Overview
In the plays and popular folklore of the seventeenth and eighteenth centuries are many expressions of liberty against the law. Taking this literary theme as his starting point, Christopher Hill examines how seventeenth-century society and its laws looked to the mass of the landless and lawless classes. The colourful beggars and highwaymen of The Jovial Crew and The Beggar's Opera voice the paradoxical claim that beggars are more free than people of property. These fiercely satirical plays show the crafty beggar as no worse than the eminent politician or courtier. The ballads of Robin Hood, at their height of popularity, personify the opposition between liberty and property, the freedom of the outlaw in the greenwood versus the constraints of power, money and society. Other groups opted out too: there are stories of ladies eschewing material comforts to go with the gypsies; colonists in North America 'went native'; and the idea of the 'noble savage' dates from this period.

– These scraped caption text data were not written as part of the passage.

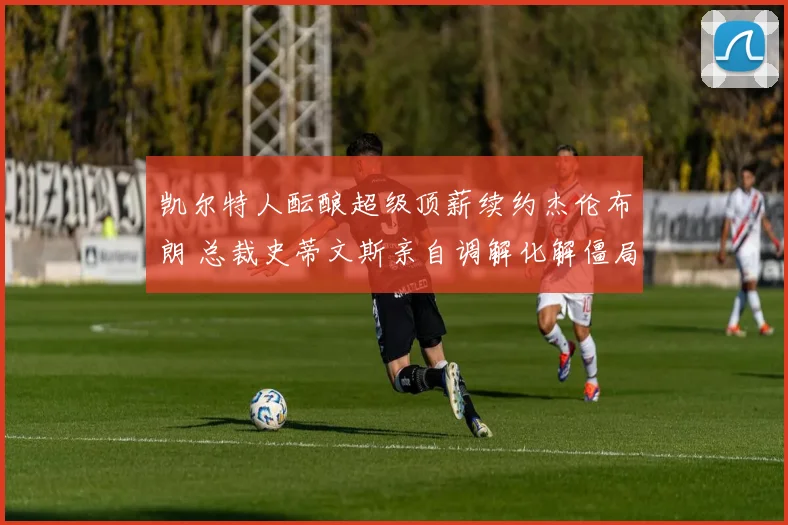 凯尔特人酝酿超级顶薪续约杰伦布朗 总裁史蒂文斯亲自调解化解僵局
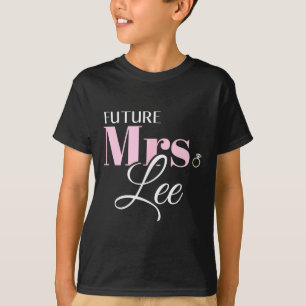 Zukünftige Mrs Lee Braut Hochzeit Bräutigam Ehe T-Shirt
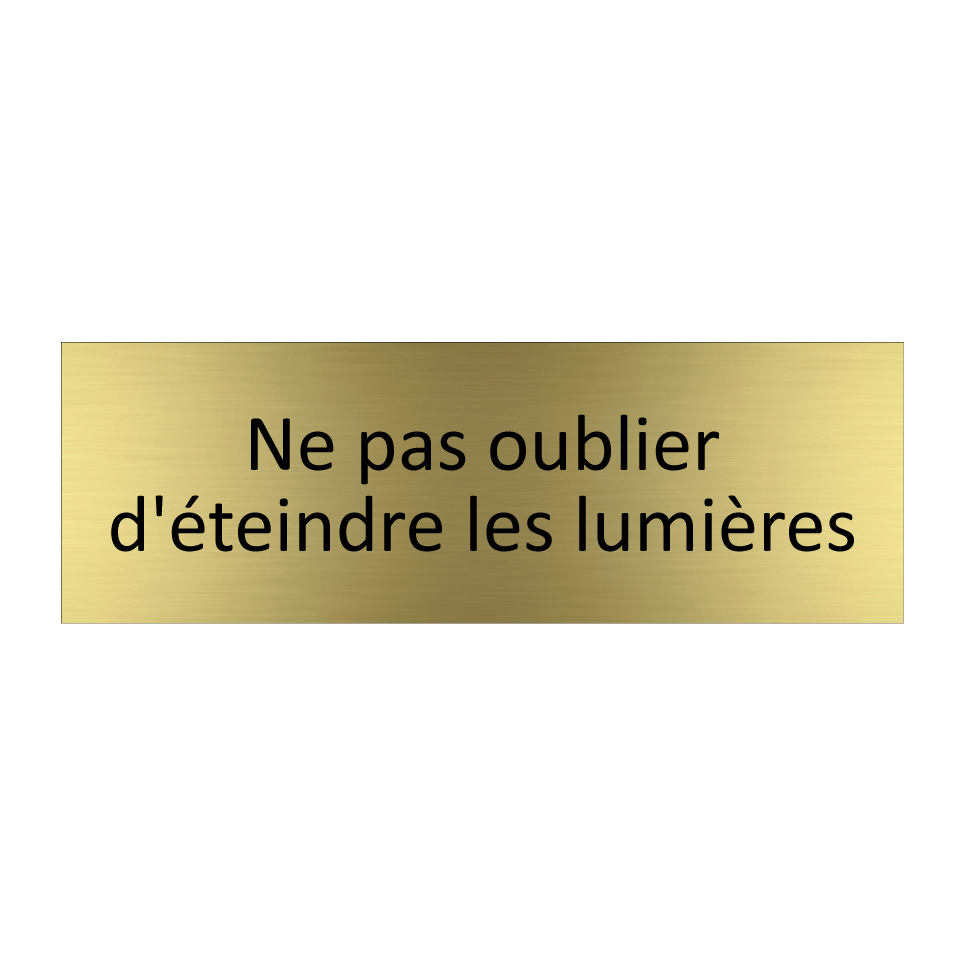 Ne pas oublier d'éteindre les lumières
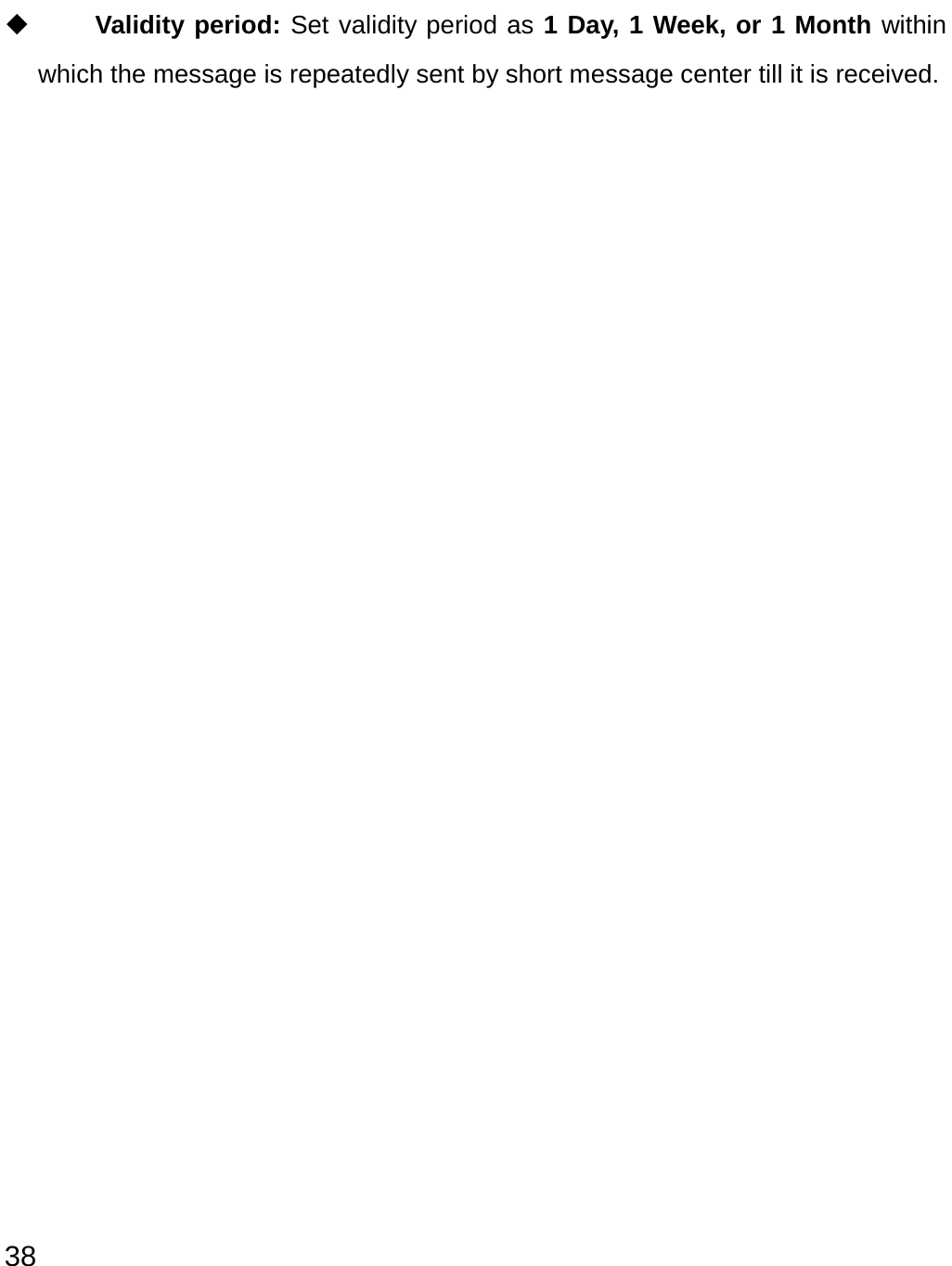  38  Validity period: Set validity period as 1 Day, 1 Week, or 1 Month within which the message is repeatedly sent by short message center till it is received.                      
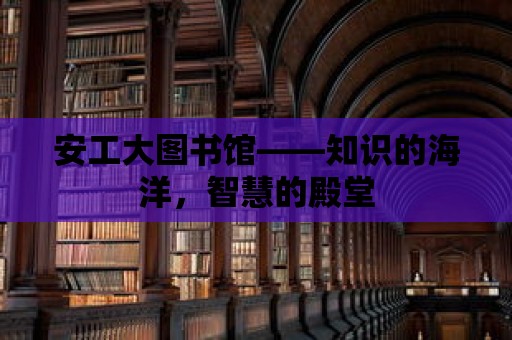 安工大圖書館——知識的海洋，智慧的殿堂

With their rejection of the state church, religious dissenters also challenged the prevailing orthodoxy, and so the law of the state. This hero-worship of the 'outlaw' reflects vast social and economic changes. The lives of the peasantry were irrevocably altered, and Christopher Hill considers how they were affected by enclosures, the loss of many traditional rights and draconian punishments for minor transgressions. However, the time when discontent would be expressed in political action was still far in the future. These expressions of contempt for the law challenge the equation of law with property that came about in the Glorious Revolution. They begin to pose the question, 'Freedom for whom?'.Editorials
Kirkus Reviews
Renowned English historian Hill (The English Bible and the Seventeenth-Century Revolution, 1993, etc.) uses popular literature and ballads to shape a stimulating critique of the concept of liberty in 17th-century England's struggle between king and Parliament.Even today, the English Civil War, Cromwell's Protectorate, the Restoration of the monarchy under Charles II, and the Glorious Revolution of 1688 are still commonly viewed as an inevitable progress toward popular liberty. But what really happened, Hill asserts, is that men of property won absolute power to overrule both the customary rights of the poor (e.g., copyhold and common land) and the restrictions of the Crown. The peasantry gained little from the new freedoms and lost much, including in many cases their land. Hill, of course, is not the first to challenge the so-called Whig view of history by seeing the English revolution as the triumph of a capitalist economy, and in his long career, which included 13 years as master of Balliol College at Oxford University, he has approached this theme before from many different angles. Here he eschews state papers ("Government statements are usually intended to deceive") and attempts to rescue the landless ex-peasantry from posterity's silence by turning to popular culture for his source material. We move from the plays of Beaumont and Fletcher to John Gay's fiercely satirical Beggar's Opera, which boasted that only beggars, who were outside the law, were truly free. When censorship broke down in the 1640s, the uneducated—even women—could get published, and Hill guides us through his favorite terrain, that of the radical popular movements which briefly appeared, such as the Muggletonians, who denounced the law and lawyers as agents of the rich, and the Diggers, whose spokesman Gerrard Winstanley advocated a return of the land to the common people.
Superbly written, Hill's account throws light on a crucial epoch in English history, one that was to have a profound influence on American attitudes.